» **Web page caption snippets**:
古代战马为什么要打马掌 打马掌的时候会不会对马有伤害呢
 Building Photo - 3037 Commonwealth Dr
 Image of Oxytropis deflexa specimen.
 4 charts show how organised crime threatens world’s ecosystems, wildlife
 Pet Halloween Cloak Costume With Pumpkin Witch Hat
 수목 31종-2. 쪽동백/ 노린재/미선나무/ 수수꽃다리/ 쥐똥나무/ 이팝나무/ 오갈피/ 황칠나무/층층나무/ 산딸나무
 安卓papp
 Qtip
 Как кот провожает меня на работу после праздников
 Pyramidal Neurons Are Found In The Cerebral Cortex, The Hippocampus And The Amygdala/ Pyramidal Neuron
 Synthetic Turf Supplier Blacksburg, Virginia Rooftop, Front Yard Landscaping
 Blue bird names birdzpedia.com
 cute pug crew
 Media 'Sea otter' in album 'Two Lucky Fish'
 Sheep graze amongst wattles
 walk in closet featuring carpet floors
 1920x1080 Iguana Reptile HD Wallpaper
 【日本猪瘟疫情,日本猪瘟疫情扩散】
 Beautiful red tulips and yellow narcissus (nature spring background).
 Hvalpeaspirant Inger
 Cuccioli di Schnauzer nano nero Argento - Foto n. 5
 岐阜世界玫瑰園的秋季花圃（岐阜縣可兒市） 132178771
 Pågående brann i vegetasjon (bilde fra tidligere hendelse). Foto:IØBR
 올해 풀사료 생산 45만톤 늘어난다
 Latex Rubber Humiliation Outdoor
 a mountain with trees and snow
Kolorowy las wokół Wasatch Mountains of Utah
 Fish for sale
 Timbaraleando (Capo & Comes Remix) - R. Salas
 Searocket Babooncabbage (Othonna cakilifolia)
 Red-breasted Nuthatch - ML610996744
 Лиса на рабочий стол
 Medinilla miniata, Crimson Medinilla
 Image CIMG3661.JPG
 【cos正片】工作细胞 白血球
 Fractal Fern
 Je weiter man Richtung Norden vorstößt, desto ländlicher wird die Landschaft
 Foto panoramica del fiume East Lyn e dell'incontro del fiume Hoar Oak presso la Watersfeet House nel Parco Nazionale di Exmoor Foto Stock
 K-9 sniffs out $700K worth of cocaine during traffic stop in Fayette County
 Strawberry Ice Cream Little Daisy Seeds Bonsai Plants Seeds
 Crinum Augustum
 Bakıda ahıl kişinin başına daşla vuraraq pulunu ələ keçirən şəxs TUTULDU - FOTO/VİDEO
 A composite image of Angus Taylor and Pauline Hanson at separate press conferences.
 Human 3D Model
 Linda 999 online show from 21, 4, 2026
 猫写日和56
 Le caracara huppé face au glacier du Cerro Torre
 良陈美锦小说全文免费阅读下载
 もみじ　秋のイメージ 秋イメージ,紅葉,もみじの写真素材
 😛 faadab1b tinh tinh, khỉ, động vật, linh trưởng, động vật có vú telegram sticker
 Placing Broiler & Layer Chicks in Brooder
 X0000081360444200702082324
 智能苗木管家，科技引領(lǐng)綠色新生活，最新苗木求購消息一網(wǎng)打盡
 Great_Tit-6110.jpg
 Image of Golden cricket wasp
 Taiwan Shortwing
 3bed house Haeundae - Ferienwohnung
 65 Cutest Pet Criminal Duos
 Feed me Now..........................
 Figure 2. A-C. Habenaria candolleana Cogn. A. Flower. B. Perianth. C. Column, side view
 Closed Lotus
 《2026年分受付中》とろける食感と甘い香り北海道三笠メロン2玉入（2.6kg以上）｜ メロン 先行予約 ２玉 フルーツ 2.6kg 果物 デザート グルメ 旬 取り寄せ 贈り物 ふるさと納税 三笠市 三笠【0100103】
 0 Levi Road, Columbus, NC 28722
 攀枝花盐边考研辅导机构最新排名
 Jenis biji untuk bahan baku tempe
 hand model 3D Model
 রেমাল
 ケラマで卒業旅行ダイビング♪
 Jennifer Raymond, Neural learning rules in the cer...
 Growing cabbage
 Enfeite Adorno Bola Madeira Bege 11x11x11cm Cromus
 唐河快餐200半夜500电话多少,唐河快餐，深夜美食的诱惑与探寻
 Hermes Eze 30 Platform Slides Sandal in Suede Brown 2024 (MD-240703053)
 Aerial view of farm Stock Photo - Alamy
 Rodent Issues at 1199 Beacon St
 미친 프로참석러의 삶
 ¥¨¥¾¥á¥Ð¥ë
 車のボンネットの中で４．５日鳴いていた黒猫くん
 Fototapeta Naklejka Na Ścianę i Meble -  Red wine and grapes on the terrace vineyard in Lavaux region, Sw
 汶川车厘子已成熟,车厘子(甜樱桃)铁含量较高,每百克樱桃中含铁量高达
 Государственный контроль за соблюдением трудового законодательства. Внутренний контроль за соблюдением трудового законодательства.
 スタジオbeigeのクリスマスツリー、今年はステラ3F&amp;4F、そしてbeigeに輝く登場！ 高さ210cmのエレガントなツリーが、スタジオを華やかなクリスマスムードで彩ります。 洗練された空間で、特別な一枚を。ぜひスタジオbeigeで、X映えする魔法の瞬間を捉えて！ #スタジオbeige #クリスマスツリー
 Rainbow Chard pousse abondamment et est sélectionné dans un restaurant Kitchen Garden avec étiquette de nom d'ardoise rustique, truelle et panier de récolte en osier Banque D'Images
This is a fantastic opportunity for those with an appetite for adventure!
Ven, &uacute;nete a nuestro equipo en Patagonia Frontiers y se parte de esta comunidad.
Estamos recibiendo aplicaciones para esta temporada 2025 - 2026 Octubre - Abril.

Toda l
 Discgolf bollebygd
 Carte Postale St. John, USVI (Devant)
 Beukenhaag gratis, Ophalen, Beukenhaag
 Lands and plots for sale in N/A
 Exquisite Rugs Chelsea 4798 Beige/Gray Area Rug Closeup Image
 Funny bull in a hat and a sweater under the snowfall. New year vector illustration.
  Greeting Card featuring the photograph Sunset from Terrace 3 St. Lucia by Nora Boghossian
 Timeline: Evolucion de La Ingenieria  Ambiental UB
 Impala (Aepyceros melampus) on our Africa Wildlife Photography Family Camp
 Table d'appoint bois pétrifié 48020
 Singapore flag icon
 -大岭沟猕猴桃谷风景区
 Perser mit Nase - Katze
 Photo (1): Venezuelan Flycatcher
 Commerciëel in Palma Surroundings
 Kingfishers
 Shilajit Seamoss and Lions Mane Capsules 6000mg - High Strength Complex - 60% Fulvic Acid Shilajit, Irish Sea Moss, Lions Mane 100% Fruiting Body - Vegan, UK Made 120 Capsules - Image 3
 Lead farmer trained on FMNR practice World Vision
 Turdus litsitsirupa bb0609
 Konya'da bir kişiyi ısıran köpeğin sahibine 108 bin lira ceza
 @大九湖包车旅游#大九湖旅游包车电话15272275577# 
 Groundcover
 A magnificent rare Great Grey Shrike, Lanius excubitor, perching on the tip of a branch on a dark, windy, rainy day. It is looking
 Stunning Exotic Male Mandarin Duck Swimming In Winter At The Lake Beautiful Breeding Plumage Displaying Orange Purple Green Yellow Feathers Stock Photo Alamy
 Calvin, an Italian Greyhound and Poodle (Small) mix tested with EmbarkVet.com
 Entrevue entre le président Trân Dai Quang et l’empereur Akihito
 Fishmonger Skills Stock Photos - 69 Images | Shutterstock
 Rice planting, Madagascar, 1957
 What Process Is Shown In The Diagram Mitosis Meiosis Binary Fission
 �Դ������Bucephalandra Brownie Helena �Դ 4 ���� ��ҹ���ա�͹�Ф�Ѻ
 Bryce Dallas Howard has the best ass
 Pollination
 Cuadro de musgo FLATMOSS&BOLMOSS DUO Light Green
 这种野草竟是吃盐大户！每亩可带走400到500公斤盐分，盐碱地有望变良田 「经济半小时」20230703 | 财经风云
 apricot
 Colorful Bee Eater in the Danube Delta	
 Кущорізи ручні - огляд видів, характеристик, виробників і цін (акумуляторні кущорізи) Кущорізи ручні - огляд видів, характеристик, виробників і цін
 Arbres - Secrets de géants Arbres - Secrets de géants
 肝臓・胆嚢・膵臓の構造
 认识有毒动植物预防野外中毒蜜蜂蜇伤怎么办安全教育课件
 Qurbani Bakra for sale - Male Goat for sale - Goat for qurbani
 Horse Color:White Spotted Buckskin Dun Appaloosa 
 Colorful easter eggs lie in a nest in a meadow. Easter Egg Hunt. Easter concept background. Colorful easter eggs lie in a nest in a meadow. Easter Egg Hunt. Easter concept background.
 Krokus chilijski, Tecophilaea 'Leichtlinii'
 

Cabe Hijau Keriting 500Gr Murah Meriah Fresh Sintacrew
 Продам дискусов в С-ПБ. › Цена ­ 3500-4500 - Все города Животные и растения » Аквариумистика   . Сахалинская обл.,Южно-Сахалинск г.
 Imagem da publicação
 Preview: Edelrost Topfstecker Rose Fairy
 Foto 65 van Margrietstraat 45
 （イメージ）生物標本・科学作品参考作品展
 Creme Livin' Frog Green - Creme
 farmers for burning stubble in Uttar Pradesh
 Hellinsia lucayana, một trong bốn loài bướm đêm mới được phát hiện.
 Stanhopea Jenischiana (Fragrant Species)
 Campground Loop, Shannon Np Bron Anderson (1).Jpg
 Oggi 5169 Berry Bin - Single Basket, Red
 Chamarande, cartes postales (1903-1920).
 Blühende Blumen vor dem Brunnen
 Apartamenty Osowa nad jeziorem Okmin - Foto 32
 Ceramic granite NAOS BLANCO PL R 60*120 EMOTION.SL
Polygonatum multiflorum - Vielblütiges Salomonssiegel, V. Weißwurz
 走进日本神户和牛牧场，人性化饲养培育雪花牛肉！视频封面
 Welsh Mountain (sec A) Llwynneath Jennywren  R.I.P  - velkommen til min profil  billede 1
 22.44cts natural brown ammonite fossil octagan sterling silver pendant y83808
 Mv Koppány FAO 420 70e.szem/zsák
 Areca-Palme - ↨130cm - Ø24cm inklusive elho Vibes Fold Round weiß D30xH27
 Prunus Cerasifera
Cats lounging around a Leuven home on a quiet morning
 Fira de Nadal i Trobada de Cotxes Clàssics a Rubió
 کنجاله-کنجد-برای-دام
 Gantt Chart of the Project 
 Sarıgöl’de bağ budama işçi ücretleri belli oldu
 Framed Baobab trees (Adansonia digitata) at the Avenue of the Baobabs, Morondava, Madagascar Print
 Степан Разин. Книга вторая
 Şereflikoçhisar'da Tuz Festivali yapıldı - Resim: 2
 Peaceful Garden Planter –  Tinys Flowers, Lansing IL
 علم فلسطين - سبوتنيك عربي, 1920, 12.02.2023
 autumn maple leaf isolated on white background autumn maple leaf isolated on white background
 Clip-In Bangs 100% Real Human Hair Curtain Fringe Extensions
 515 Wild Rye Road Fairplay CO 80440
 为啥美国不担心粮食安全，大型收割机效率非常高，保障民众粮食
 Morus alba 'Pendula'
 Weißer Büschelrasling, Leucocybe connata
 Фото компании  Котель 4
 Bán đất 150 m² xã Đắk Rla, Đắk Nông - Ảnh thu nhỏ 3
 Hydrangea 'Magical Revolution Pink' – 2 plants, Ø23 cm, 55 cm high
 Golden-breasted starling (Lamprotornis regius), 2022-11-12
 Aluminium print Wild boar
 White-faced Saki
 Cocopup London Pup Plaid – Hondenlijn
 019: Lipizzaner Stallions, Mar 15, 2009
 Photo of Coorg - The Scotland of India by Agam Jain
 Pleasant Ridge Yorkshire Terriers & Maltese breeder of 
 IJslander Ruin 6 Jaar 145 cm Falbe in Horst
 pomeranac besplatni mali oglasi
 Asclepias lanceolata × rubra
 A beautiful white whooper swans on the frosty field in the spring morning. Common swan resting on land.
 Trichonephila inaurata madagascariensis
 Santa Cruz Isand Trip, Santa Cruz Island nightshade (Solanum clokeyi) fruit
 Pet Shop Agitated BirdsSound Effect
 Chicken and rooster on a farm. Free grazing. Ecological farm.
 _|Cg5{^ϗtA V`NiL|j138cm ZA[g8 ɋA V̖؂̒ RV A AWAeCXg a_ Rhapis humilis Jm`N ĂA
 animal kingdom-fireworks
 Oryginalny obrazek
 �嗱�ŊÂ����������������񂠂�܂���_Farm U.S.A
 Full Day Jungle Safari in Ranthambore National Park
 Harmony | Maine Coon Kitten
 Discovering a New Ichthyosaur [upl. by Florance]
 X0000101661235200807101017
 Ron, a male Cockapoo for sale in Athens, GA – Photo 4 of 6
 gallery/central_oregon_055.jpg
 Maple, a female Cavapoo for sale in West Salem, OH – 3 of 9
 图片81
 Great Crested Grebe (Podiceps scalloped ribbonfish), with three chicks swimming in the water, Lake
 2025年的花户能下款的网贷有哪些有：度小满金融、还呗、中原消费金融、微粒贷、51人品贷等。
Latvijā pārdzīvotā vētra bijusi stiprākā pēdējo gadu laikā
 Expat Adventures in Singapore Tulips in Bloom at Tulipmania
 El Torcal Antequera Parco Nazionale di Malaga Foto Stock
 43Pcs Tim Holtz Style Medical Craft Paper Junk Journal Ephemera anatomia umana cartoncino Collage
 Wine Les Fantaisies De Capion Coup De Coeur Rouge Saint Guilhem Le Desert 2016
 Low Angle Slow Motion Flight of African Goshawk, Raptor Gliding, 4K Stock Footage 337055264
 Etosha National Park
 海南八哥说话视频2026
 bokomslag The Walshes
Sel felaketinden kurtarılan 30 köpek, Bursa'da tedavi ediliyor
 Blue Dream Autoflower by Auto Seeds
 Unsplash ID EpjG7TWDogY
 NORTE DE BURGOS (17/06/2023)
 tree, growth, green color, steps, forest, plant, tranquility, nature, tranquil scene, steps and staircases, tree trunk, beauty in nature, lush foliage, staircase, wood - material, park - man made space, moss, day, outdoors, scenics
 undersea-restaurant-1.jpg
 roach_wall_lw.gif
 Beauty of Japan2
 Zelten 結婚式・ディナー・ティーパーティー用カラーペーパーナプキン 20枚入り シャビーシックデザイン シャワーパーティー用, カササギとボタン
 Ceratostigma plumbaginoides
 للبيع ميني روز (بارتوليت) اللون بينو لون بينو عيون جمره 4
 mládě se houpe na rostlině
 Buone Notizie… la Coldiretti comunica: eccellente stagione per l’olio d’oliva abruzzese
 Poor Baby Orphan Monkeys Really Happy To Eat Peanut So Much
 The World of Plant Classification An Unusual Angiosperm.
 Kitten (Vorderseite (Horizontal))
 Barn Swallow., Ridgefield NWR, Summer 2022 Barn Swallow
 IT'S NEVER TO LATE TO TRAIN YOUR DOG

» **Task prompt**: Find the line with "Krokus chilijski, Tecophilaea 'Leichtlinii'" in the entries above. Retype it and each line after it, exactly, through the line with "Morus alba 'Pendula'", and stop there.

» **Answer to the exercise**:
 Krokus chilijski, Tecophilaea 'Leichtlinii'
 

Cabe Hijau Keriting 500Gr Murah Meriah Fresh Sintacrew
 Продам дискусов в С-ПБ. › Цена ­ 3500-4500 - Все города Животные и растения » Аквариумистика   . Сахалинская обл.,Южно-Сахалинск г.
 Imagem da publicação
 Preview: Edelrost Topfstecker Rose Fairy
 Foto 65 van Margrietstraat 45
 （イメージ）生物標本・科学作品参考作品展
 Creme Livin' Frog Green - Creme
 farmers for burning stubble in Uttar Pradesh
 Hellinsia lucayana, một trong bốn loài bướm đêm mới được phát hiện.
 Stanhopea Jenischiana (Fragrant Species)
 Campground Loop, Shannon Np Bron Anderson (1).Jpg
 Oggi 5169 Berry Bin - Single Basket, Red
 Chamarande, cartes postales (1903-1920).
 Blühende Blumen vor dem Brunnen
 Apartamenty Osowa nad jeziorem Okmin - Foto 32
 Ceramic granite NAOS BLANCO PL R 60*120 EMOTION.SL
Polygonatum multiflorum - Vielblütiges Salomonssiegel, V. Weißwurz
 走进日本神户和牛牧场，人性化饲养培育雪花牛肉！视频封面
 Welsh Mountain (sec A) Llwynneath Jennywren  R.I.P  - velkommen til min profil  billede 1
 22.44cts natural brown ammonite fossil octagan sterling silver pendant y83808
 Mv Koppány FAO 420 70e.szem/zsák
 Areca-Palme - ↨130cm - Ø24cm inklusive elho Vibes Fold Round weiß D30xH27
 Prunus Cerasifera
Cats lounging around a Leuven home on a quiet morning
 Fira de Nadal i Trobada de Cotxes Clàssics a Rubió
 کنجاله-کنجد-برای-دام
 Gantt Chart of the Project 
 Sarıgöl’de bağ budama işçi ücretleri belli oldu
 Framed Baobab trees (Adansonia digitata) at the Avenue of the Baobabs, Morondava, Madagascar Print
 Степан Разин. Книга вторая
 Şereflikoçhisar'da Tuz Festivali yapıldı - Resim: 2
 Peaceful Garden Planter –  Tinys Flowers, Lansing IL
 علم فلسطين - سبوتنيك عربي, 1920, 12.02.2023
 autumn maple leaf isolated on white background autumn maple leaf isolated on white background
 Clip-In Bangs 100% Real Human Hair Curtain Fringe Extensions
 515 Wild Rye Road Fairplay CO 80440
 为啥美国不担心粮食安全，大型收割机效率非常高，保障民众粮食
 Morus alba 'Pendula'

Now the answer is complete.